DeltaPolynomial - Maple Help

DifferentialAlgebra[Tools]

 DeltaPolynomial
 returns a Delta-polynomial

 Calling Sequence DeltaPolynomial (p, q, R,opts)

Parameters

 p - a differential polynomial q - a differential polynomial R - a differential polynomial ring or ideal opts (optional) - a sequence of options

Options

 • The opts arguments may contain one or more of the options below.
 • notation = jet, tjet, diff or Diff. Specifies the notation used for the result of the function call. If not specified, the notation of R or of ideal is used.
 • memout = nonnegative. Specifies a memory limit, in MB, for the computation. Default is zero (no memory out).

Description

 • The function call DeltaPolynomial (p, q, R) returns the $\mathrm{\Delta }$-polynomial generated by p and q, which are regarded as differential polynomials of R, or, of its embedding ring, if R is an ideal. See DifferentialAlgebra for the definition of $\mathrm{\Delta }$-polynomials.
 • The numeric coefficients of the returned $\mathrm{\Delta }$-polynomial are normalized: their gcd is equal to $1$, and, the leading one is positive.

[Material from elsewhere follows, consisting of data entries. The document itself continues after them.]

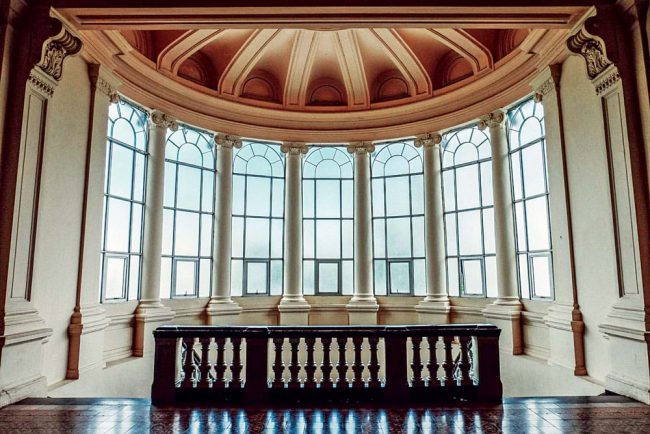 Dinh Gia Long, dãy cột Ionic và nóc tròn cổ điển. Ảnh Nguyen Tuan Tran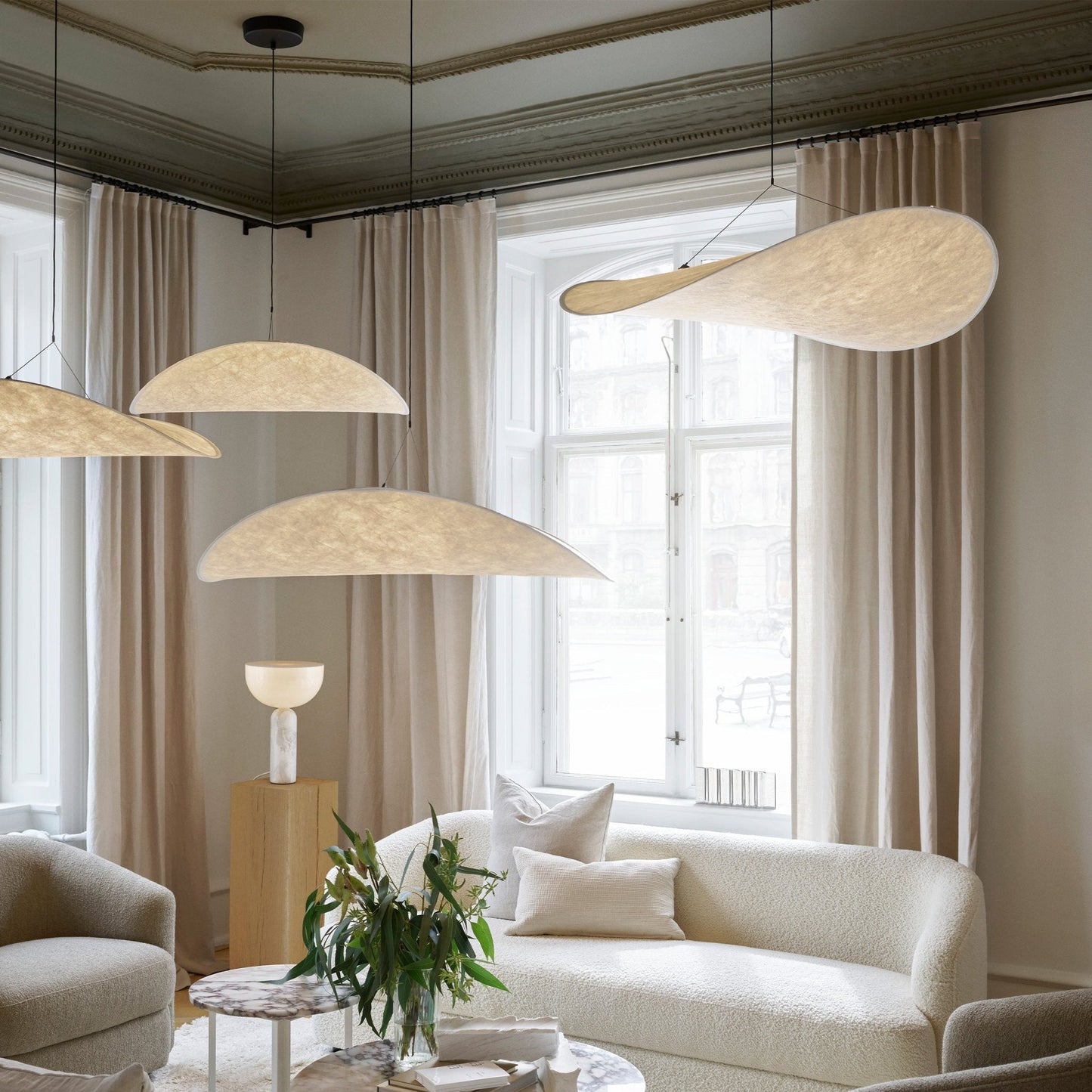 Skyinspireret Moderne Loftslampe til Elegante Rum Pendellampe Tech Butik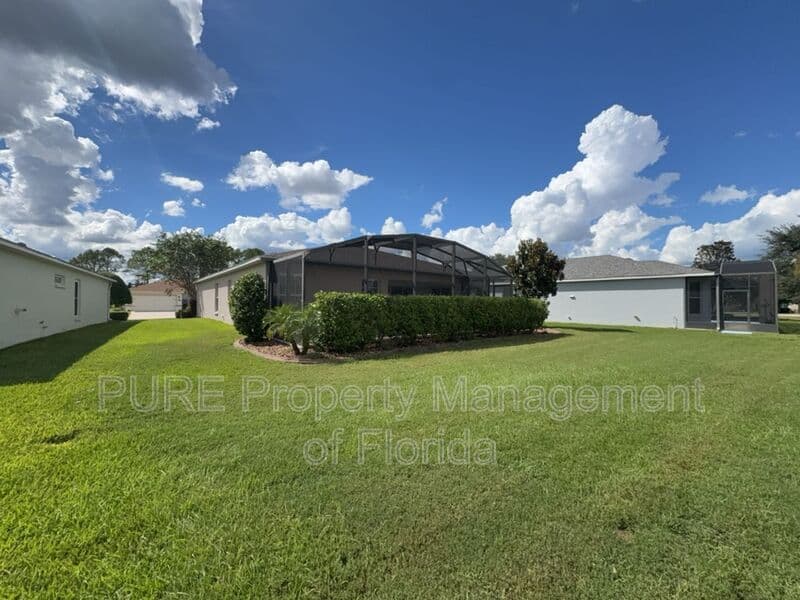 Ocala House: 15939 SW 14th Avenue Rd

It is required that the leading derivatives of p and q are derivatives of some same dependent variable.
 • This command is part of the DifferentialAlgebra:-Tools package. It can be called using the form DeltaPolynomial(...) after executing the command with(DifferentialAlgebra:-Tools). It can also be directly called using the form DifferentialAlgebra[Tools][DeltaPolynomial](...).

Examples

 > $\mathrm{with}\left(\mathrm{DifferentialAlgebra}\right):$$\mathrm{with}\left(\mathrm{Tools}\right):$
 > $R≔\mathrm{DifferentialRing}\left(\mathrm{derivations}=\left[x,y\right],\mathrm{blocks}=\left[u,v\right]\right)$
 ${R}{≔}{\mathrm{differential_ring}}$ (1)

The triangular case: the least common derivative of the two leading derivatives is different from both of them.

 > $\mathrm{DeltaPolynomial}\left({u}_{x}-v,{u}_{y},R\right)$
 ${{v}}_{{y}}$ (2)

The non-triangular case: the leading derivative of the second argument is a derivative of the leading derivative of the first one.

 > $\mathrm{DeltaPolynomial}\left({u}_{x}^{2}-4u,{u}_{x,x},R\right)$
 ${{u}}_{{x}}$ (3)